**Work item**: Your answer must match, word for word, the lines from the one holding "Baseus Tungsten 3in1" through the final line below, with pictures excluded.

**Records from a data collection**:
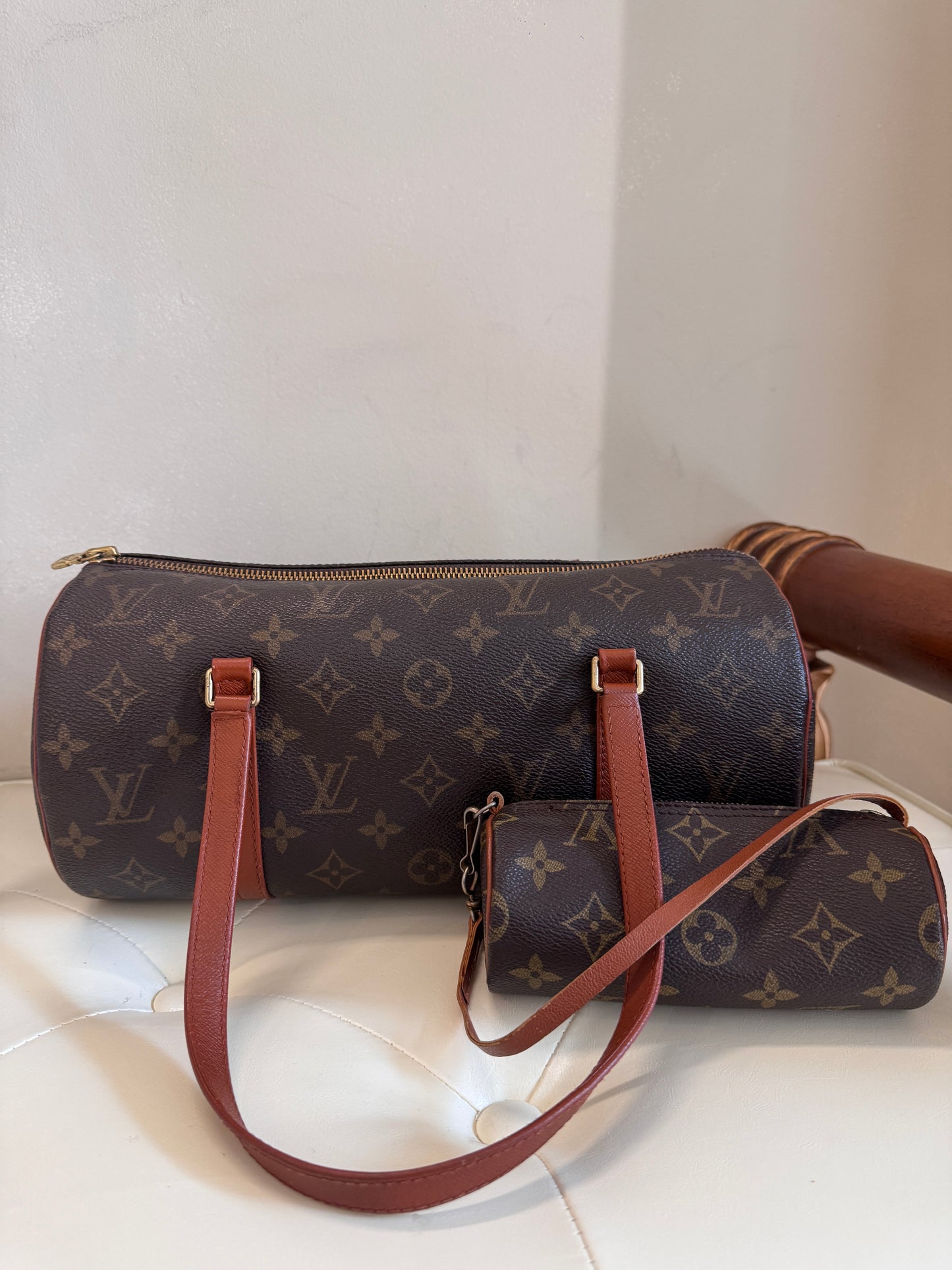 Louis Vuitton Monogram Papillon Shoulder Bag with Mini Pouch
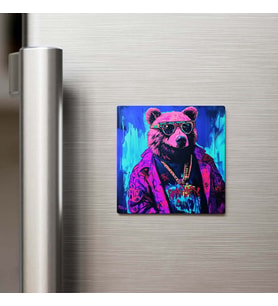 Bear - Ayı - Güneş Gözlüklü Style - Buzdolap Magneti - 9x9 Cm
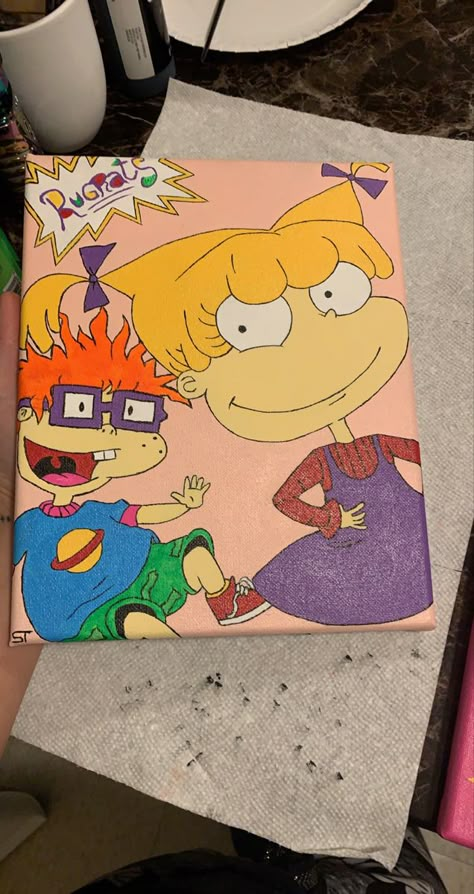 Rugrats Painting Canvas, Paintings Of Cartoons, Cartoon Paintings Easy Canvas, 90s Painting Ideas, 90s Cartoon Canvas Painting, Movie Canvas Painting, Cartoon Paintings, Draw Book, Color Drawing Art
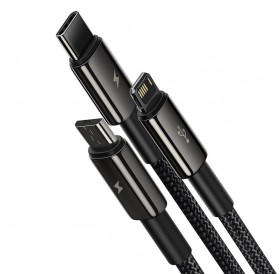 Baseus Tungsten 3in1 USB cable - USB Type C / Lightning / micro USB 3.5 A 1.5 m black (CAMLTWJ-01)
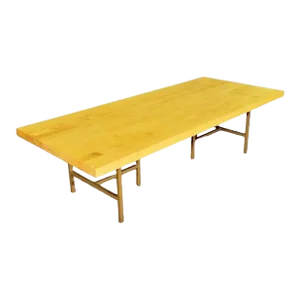 Mid 20th Century Modern Coffee Table W/ Metal Base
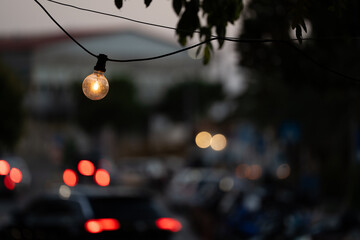 tree decorations lamp on the streets
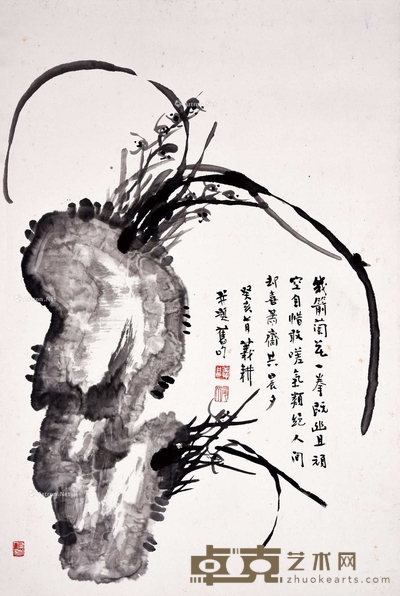 谢义耕 兰石图 立轴 67×45cm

**Response below**:
 Baseus Tungsten 3in1 USB cable - USB Type C / Lightning / micro USB 3.5 A 1.5 m black (CAMLTWJ-01)
 Mid 20th Century Modern Coffee Table W/ Metal Base
 tree decorations lamp on the streets
 谢义耕 兰石图 立轴 67×45cm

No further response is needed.